Pelipost was founded on a second chance. About one in three American adults has a criminal record, and that record can limit access to education, jobs, and housing. Each April, Pelipost partners with Prison Fellowship for Second Chance Month to create opportunity for people coming home. In that spirit, our Co-Founder and COO Becky Calderon shared her story.

How your second chance story started

Becky is direct about it: her incarceration itself was the opening. "I feel extremely blessed, extremely lucky that I had this opportunity that so many people don't have."

The opportunity came from her son, who kept hearing her say how much photos meant to her while she was inside, and who kept running into roadblocks trying to send them. "You know what, there's a need for this because it's taking me too much hassle to send my mom pictures." Pelipost came out of that conversation.

Were you prepared to reenter society?

Not entirely.
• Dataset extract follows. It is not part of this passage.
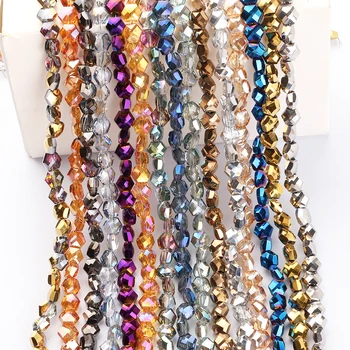 Cheap 5Strands Natural Stone Bead Crystal Plated Color Faceted Small Beads  For Jewelry Making DIY Necklace Bracelet Earrings Accessory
But Becky had the one thing that makes the biggest difference: "The one thing that I did know was that I had family. That in itself is a blessing."
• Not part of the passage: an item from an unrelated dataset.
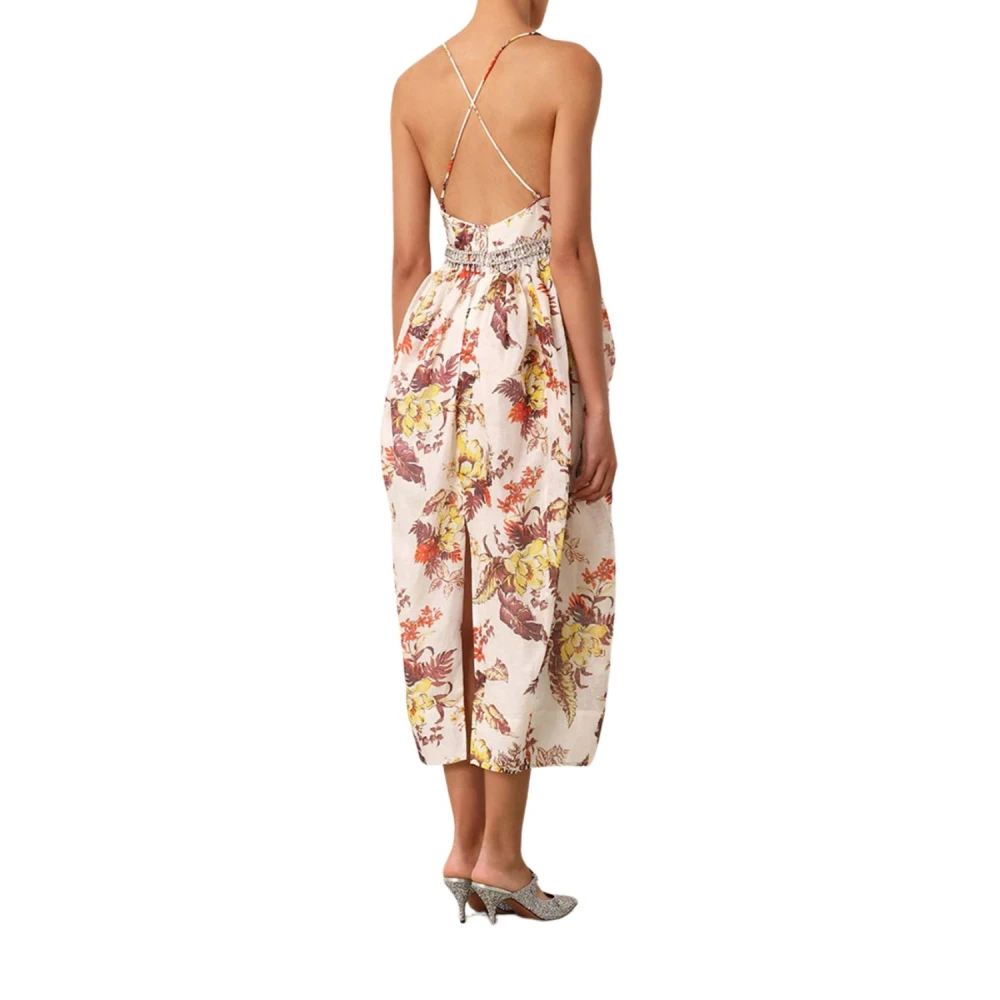 Zimmermann Tulpen Bloemen Midi Jurk Multicolor Dames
She names what a lot of people never say out loud: "You're almost scared to be free. Because on the inside, you know where you're sleeping, you know where you're eating. Then you get out, and you have no idea."

Becky Calderon, who co-founded Pelipost with her son Joseph Calderon after her incarceration, pictured with family

The weight of stigma after release

Becky is her own hardest critic. She came home while her father was developing Alzheimer's and stepped into caregiving beside her mother instead of jumping back into work. "I felt that I lost all my credibility. And I still feel that in ways. All of the sudden I was at the top of my career, and I went so far down."

Family was the key

Ask her if family unlocked her second chance and the answer is instant: "Absolutely. 100 percent." Her son never wavered. Her mother wrote constantly, held firm boundaries, and still made it clear she was loved. Her father, on the phone, could barely contain how much he wanted her home.

"Family for me was the number one motivator. It's what kept me trying." And trying, she says, is the whole game. The mountain of proving you deserve a second chance feels impossible alone.

If you don't have that support

Becky names the guilt that comes with being one of the lucky ones. "Ninety-nine-point-nine percent of failing is because you're alone." For anyone without a family safety net, she points to advocacy organizations, reentry programs, and community groups as the next best thing. And then: "All you have to do is try."